Work item: All of the listing must be given again exactly, except that the images are dropped.

Source data:
::::

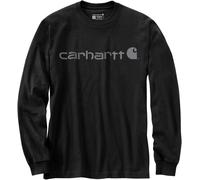 Carhartt Dearborn Relaxed Logo Manga larga, negro-gris, tamaño S para Hombres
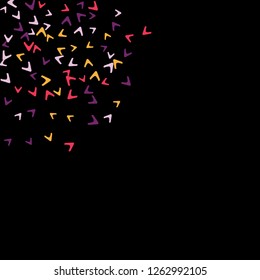Simple Pattern for Postcard, Print, Banner or Poster. Modern Abstract Background with arrows   Vector Texture in Trendy Minimalistic Style
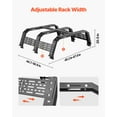 thumbnail image 3 of VEVOR Overland Truck Bed Rack 900 lbs Static Capacity Fit Tacoma/Gladiator JT, 3 of 9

::::

Result for this exercise:
 Carhartt Dearborn Relaxed Logo Manga larga, negro-gris, tamaño S para Hombres
Simple Pattern for Postcard, Print, Banner or Poster. Modern Abstract Background with arrows   Vector Texture in Trendy Minimalistic Style
 thumbnail image 3 of VEVOR Overland Truck Bed Rack 900 lbs Static Capacity Fit Tacoma/Gladiator JT, 3 of 9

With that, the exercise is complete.